Saturday, July 01, 2006

Dying with Rabbit Brush



About six years ago I got it in my head that I wanted to dye with native plants. It was September and the hills were golden with rabbit brush in bloom. I drove my car up the hill behind us to an area that seemed especially colorful and began cutting and bagging. Our guild’s annual retreat, two days of camping in the group area at our country campground, was the following weekend so for extra measure, I also bagged some Mormon Tea. I dragged all of it and a couple of five galloon buckets down to the campground on Saturday. I had to work the next day so couldn’t spend the night but thought one day would be enough time for this experiment.

I had no idea about mordant, but Laura Cunningham loved to dye things and overdye them too, and was bringing all of her pots, burners and dye supplies. We mordanted in the dye bath so only used one pot. I had two pounds of border Leicester that I wanted to dye, and I put the first pound in the rabbit brush dye. At the end of the hour, the bath was nearly exhausted so we weighed out the Mormon Tea and added it to the pot. The second pound of wool went in that bath. Neither pound spent more than an hour in the dye bath. And that’s all the record keeping I did.
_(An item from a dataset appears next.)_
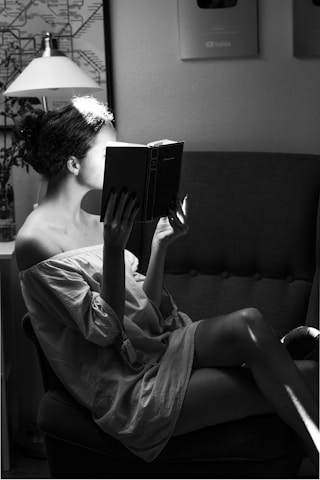 Portrait of a person reading a book in a cozy, well-lit room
I brought the wool home wet and after it dried, processed it on my Patrick Greene Deb Deluxe drum carder. Neither color was very interesting and the ephedra was especially dreadful, looking like it was dyed in urine. I found it harder and harder to make me spin it, especially since the resulting yarn was so disinteresting. Over the years, skeins of this would find their way into other peoples dye pots, providing me with odd colors but very useful for knitting in hats – well, most of them. I am now down to the last couple of bumps of the rabbit brush. I’ve been working for the last couple of weeks on getting all of it spun up for a dye day on the 4th of July. What better way to spend a firecracker day?! This morning I collected two pounds of lupine blooms and stems and am stewing them on a propane burner in the yard as I write this. I will keep a record this time – more to follow.